§ **DATA FOR ANALYSIS**:
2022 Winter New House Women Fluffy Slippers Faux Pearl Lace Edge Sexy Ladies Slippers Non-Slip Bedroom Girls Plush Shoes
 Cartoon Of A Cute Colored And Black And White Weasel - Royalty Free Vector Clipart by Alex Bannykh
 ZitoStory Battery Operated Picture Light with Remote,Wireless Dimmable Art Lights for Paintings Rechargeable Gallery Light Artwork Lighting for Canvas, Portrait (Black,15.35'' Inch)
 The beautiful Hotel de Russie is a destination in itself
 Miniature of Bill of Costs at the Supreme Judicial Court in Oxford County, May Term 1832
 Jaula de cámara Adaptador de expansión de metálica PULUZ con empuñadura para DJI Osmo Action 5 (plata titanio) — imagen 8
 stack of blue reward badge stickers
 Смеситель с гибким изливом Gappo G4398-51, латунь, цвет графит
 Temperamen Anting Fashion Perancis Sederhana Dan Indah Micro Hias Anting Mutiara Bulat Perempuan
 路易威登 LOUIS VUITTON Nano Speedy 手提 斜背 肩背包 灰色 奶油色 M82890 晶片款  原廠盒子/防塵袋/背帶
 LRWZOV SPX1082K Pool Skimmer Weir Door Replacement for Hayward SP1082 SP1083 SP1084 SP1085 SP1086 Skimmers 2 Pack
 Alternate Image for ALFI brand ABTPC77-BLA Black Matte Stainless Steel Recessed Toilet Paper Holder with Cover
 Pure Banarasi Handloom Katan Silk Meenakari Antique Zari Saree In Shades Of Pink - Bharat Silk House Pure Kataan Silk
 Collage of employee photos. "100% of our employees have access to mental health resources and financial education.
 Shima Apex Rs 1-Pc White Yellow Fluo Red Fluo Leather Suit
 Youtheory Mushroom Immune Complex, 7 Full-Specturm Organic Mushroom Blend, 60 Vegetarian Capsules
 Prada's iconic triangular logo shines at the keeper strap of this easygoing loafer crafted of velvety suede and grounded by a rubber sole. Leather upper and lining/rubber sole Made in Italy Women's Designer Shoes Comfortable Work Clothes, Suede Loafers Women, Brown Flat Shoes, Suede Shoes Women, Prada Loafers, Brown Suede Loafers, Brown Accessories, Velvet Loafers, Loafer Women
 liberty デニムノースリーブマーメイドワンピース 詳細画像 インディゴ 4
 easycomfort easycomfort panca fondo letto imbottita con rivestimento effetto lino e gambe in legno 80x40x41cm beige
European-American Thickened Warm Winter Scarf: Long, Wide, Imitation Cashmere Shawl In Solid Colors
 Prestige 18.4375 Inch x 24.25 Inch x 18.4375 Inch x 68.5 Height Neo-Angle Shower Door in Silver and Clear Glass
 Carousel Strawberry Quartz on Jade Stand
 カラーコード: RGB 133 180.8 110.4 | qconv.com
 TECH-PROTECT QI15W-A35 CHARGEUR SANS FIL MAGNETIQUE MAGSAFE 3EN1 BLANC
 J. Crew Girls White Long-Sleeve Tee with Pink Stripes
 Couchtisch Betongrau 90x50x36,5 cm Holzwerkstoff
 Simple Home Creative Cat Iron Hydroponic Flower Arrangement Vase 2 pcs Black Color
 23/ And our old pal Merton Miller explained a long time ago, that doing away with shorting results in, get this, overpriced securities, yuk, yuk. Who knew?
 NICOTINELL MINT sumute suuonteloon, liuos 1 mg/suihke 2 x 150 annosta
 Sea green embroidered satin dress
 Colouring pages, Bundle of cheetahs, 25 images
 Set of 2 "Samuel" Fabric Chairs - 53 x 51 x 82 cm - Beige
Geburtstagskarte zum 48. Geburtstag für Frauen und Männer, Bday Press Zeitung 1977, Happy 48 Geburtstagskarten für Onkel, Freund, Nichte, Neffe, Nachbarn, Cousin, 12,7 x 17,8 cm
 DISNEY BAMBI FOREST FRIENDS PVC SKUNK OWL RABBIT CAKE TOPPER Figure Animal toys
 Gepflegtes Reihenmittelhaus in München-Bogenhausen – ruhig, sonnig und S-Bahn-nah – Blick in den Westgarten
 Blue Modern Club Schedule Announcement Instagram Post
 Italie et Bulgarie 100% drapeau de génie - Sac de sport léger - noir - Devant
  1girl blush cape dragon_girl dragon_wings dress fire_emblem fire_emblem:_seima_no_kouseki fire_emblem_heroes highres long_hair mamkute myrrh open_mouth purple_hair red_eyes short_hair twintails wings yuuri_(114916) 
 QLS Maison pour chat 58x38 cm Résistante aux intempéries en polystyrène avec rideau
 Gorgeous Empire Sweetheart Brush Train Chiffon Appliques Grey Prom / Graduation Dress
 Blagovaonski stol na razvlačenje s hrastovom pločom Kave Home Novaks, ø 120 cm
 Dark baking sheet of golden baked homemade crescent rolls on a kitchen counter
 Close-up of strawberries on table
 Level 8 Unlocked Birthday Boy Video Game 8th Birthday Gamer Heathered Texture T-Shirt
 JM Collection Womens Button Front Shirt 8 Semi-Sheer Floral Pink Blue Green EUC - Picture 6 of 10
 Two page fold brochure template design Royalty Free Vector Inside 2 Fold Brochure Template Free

§ **TASK PROMPT**: Both end lines included, restate word for word the lines above from the line with "Simple Home Creative" to the line with "Level 8 Unlocked", and nothing else.

§ **OUTPUT FOR THIS TASK**:
 Simple Home Creative Cat Iron Hydroponic Flower Arrangement Vase 2 pcs Black Color
 23/ And our old pal Merton Miller explained a long time ago, that doing away with shorting results in, get this, overpriced securities, yuk, yuk. Who knew?
 NICOTINELL MINT sumute suuonteloon, liuos 1 mg/suihke 2 x 150 annosta
 Sea green embroidered satin dress
 Colouring pages, Bundle of cheetahs, 25 images
 Set of 2 "Samuel" Fabric Chairs - 53 x 51 x 82 cm - Beige
Geburtstagskarte zum 48. Geburtstag für Frauen und Männer, Bday Press Zeitung 1977, Happy 48 Geburtstagskarten für Onkel, Freund, Nichte, Neffe, Nachbarn, Cousin, 12,7 x 17,8 cm
 DISNEY BAMBI FOREST FRIENDS PVC SKUNK OWL RABBIT CAKE TOPPER Figure Animal toys
 Gepflegtes Reihenmittelhaus in München-Bogenhausen – ruhig, sonnig und S-Bahn-nah – Blick in den Westgarten
 Blue Modern Club Schedule Announcement Instagram Post
 Italie et Bulgarie 100% drapeau de génie - Sac de sport léger - noir - Devant
  1girl blush cape dragon_girl dragon_wings dress fire_emblem fire_emblem:_seima_no_kouseki fire_emblem_heroes highres long_hair mamkute myrrh open_mouth purple_hair red_eyes short_hair twintails wings yuuri_(114916) 
 QLS Maison pour chat 58x38 cm Résistante aux intempéries en polystyrène avec rideau
 Gorgeous Empire Sweetheart Brush Train Chiffon Appliques Grey Prom / Graduation Dress
 Blagovaonski stol na razvlačenje s hrastovom pločom Kave Home Novaks, ø 120 cm
 Dark baking sheet of golden baked homemade crescent rolls on a kitchen counter
 Close-up of strawberries on table
 Level 8 Unlocked Birthday Boy Video Game 8th Birthday Gamer Heathered Texture T-Shirt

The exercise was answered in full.